NEWS FEATURE: New Training for Aid Workers Includes Coping With Attacks, Captivity

c. 2000 Religion News Service (UNDATED) _ In 14 years helping humanitarian aid workers in some of the world’s most battle-scarred countries, John Schenk had never faced this ordeal. The nonstop interrogation by his masked captors. The hood blocking sunlight and fresh air from his face and lungs. The handcuffs that gripped his wrists. “I […]

c. 2000 Religion News Service

(UNDATED) _ In 14 years helping humanitarian aid workers in some of the world’s most battle-scarred countries, John Schenk had never faced this ordeal.

The nonstop interrogation by his masked captors. The hood blocking sunlight and fresh air from his face and lungs. The handcuffs that gripped his wrists.


“I felt claustrophobic, like I had no control,” said Schenk, a communications specialist with the Christian humanitarian aid agency World Vision. “A lot of us had nightmares that night.”

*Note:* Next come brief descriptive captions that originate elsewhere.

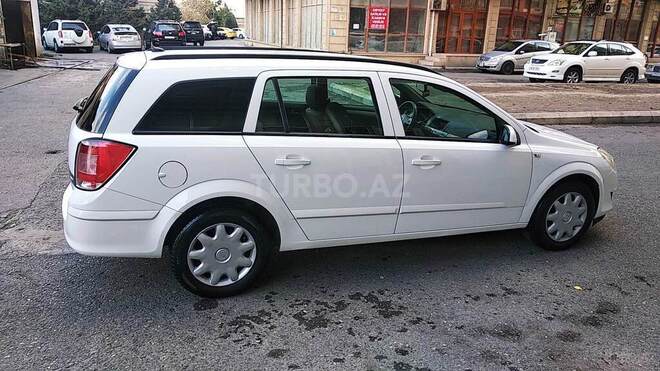 Opel Astra 2007, 218,000 km - 1.3 l - Bakı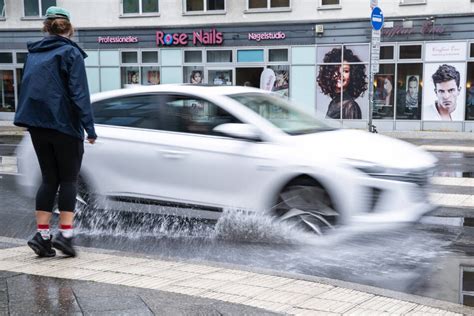 Erneut Unwetter Mit Starkregen Ber Berlin Mehr Als Feuerwehr Eins Tze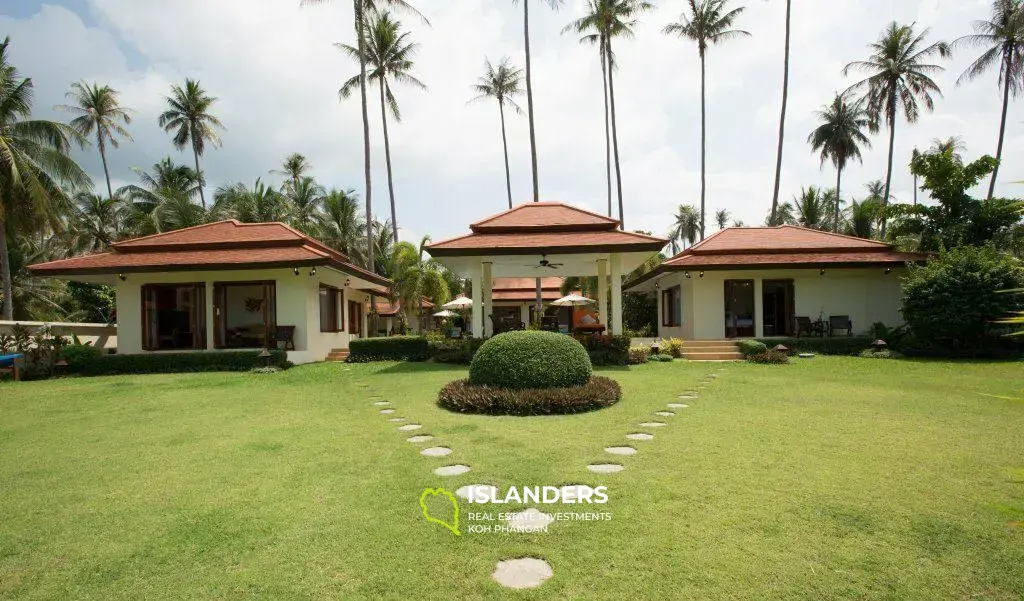 Villa 4 chambres avec piscine en bord de mer à Na Muang et grand jardin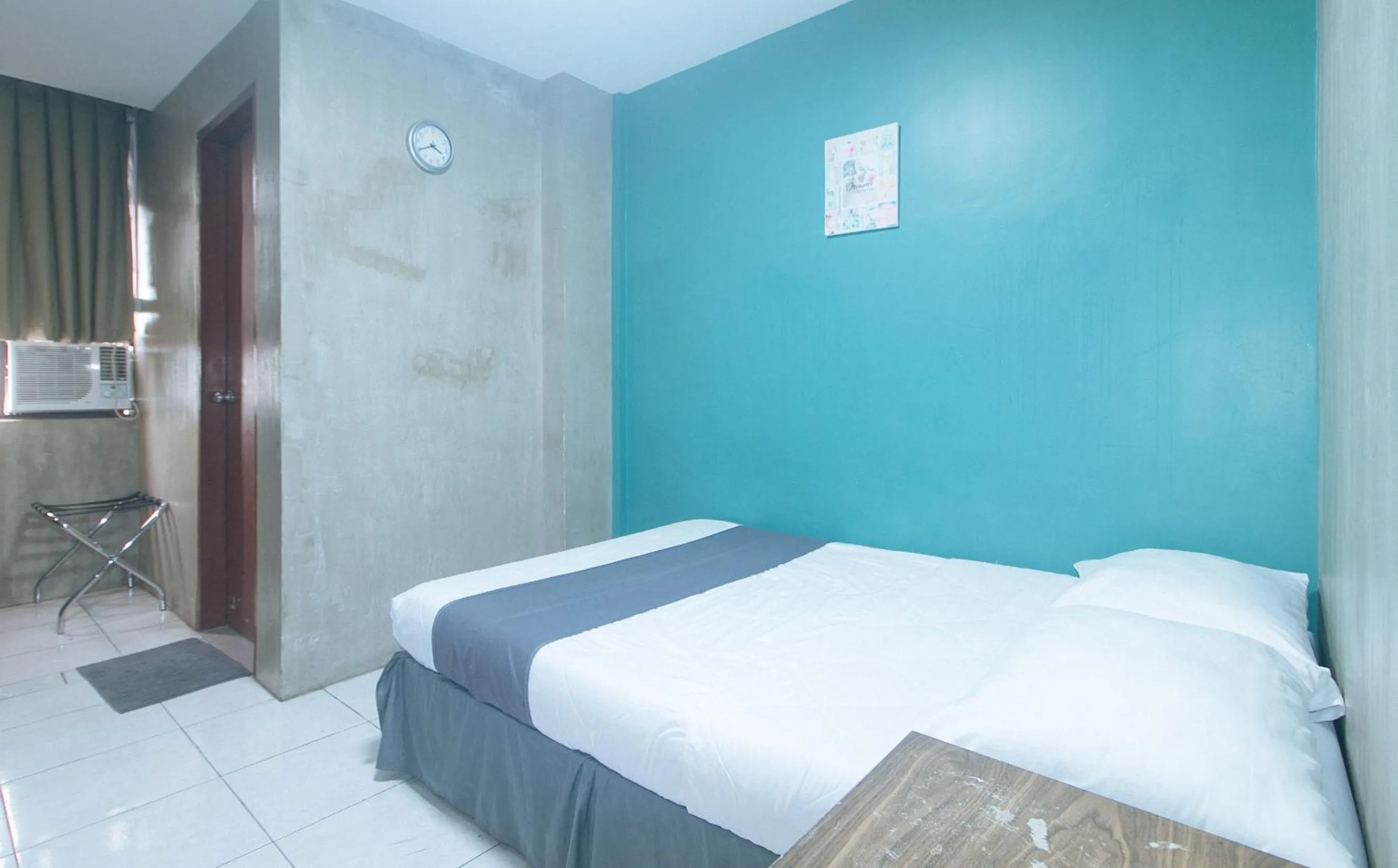 Bed in Rcee Place by RedDoorz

Schenk’s nightmare was a fictional one, part of a five-day World Vision safety training workshop intended to teach humanitarian aid workers how to cope with violent attacks and similar crisis they could encounter while working abroad.

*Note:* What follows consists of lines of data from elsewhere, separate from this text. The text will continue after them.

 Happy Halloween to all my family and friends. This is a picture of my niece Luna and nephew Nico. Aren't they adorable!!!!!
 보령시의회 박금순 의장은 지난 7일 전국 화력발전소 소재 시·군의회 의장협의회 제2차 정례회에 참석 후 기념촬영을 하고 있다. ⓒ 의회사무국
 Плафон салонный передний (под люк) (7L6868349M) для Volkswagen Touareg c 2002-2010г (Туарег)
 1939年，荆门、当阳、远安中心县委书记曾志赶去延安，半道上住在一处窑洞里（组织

But for many of Schenk’s colleagues in conflict zones around the globe, the nightmare is no illusion. Often dispatched to the world’s most volatile regions, humanitarian aid workers have increasingly found themselves prey for attack _ a plight underscored by the stabbing deaths of three U.N. aid workers in West Timor early in September.

Their deaths followed violent attacks on dozens of their counterparts at faith-based humanitarian and development groups in countries from Colombia to Kosovo to Sierra Leone. In January, two relief workers for Catholic Relief Services came under fire when rebels in Sudan peppered their vehicle with 19 bullets.

No one was injured in that attack, but in the following months aid workers at Catholic Relief Services, World Relief and other agencies faced abduction, robbery, bombings, and evacuations _ each attack a grim reminder that sometimes those charged with helping and protecting others need protection themselves.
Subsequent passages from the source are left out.